Vision without resources is hallucination

27 Aug, 2012

There is no denying the fact that strong economic vision of a political party is incriminating evidence of its concrete plans aimed at addressing the economic challenges and socio-economic concerns of general population. A weak economic programme and disconnect with the voters hurt - profoundly and unquestionably - a party's electoral prospects regardless of its leadership's profile. General elections normally throw up a challenge to political parties to prepare their economic policies as viable alternatives.

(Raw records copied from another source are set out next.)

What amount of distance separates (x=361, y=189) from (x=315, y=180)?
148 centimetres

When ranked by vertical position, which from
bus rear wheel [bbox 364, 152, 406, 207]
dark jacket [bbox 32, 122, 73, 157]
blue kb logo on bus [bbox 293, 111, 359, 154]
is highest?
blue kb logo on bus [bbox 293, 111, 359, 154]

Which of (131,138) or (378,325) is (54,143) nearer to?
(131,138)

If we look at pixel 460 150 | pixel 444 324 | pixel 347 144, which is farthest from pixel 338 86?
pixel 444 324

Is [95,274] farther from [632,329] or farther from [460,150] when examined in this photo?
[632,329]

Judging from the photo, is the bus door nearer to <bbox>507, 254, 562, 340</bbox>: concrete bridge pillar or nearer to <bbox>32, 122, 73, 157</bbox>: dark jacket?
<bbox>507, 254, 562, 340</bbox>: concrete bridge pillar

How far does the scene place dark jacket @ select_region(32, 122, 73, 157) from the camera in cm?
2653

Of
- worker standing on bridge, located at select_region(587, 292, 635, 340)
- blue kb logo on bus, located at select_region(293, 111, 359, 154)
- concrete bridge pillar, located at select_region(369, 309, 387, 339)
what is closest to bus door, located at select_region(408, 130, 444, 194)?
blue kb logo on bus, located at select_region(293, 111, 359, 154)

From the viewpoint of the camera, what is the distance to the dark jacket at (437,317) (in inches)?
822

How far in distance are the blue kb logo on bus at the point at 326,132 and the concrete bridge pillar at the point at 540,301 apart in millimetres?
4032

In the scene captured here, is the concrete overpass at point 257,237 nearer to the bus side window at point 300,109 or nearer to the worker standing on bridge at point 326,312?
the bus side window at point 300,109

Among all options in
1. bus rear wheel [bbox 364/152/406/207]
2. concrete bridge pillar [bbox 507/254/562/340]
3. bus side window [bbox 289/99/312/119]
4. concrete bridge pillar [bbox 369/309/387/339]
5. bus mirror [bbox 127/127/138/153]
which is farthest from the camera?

This requires these parties to work with representative business associations and groups with a view to articulating effective and meaningful economic solutions or policy response to myriad economic challenges. Another crucial factor in relation to election strategies in the realm of economic policymaking is how these parties evolve general advocacy and communication strategies to influence policy. Easing widespread concerns about the absence of policy alternatives in its armoury, Pakistan Tehrik-e-Insaf (PTI) of Imran Khan has finally unveiled its economic policy vision, which is said to have been based on its senior vice-president Asad Umar's strong interaction with business, think tanks, and other private sector organizations. Unfortunately, however, it is not clear whether or not the party has come up with realistic policy solutions to arrest the slide of socio-economic indicators.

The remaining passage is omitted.